At least for the time being, the price cuts over at Tesla appear to still be working. That’s because the company’s total shipment of vehicles from China increased 13% sequentially in February, to 74,402 units, according to preliminary data released by China’s Passenger Car Association.
Tesla shares are up almost 2% in pre-market trading on the result.
While Tesla was able to buck overall declining trends in China’s auto market over the last several months, in February it had the broader trend at its back. Bloomberg reported on Friday morning that China’s new energy passenger vehicle wholesales were up 30% sequentially.
Additionally, the note pointed out that competitor BYD also experienced significant growth in the month, with 193,655 unit sales versus just 88,283 the year prior.
Tesla shares had slumped during the back half of this week, as the company’s mid-week investor day failed to provide enough short- and mid-term operational details to excite Wall Street. News outlets on Thursday morning called the presentation “underwhelming” and light on short-term specifics.
Of note was the lack of specifics relating to how the company would be expanding its product lineup, which has begun to stagnate over the last several years.
Recall we reported last month that the company’s strategy of cutting prices to stoke demand appeared to be working when the company sold 66,051 vehicles in China in January, up from 55,800 in December.
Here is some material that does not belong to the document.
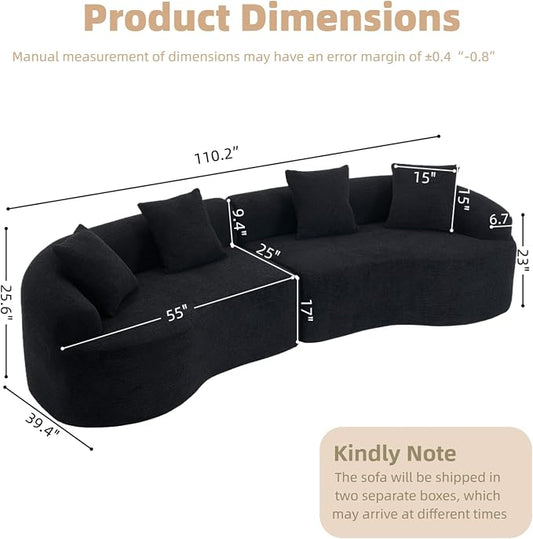 110.2" Curved Sectional Sofa,Luxury Wood Grain Chenille Fabric, Oversized Sectional Sofa,Compression Curved Couch for Living Room,No Assembly Needed(Black, 110.2 Inch)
At the time, the company was reportedly planning to increase output at its Shanghai plant – bringing its run rate back toward where it was in September 2022 – in order to continue meeting the demand from price cuts on its best selling models.
Tesla had suspended operations at its Shanghai plant for a portion of December. The EV maker was expected to halt production – as we noted in a previous article – but continued swirling questions about demand had surfaced after the company shut down operations at the key location earlier than expected. Back on December 9th we wrote that the company was shutting down operations due to upgrades at the plant and waning consumer demand.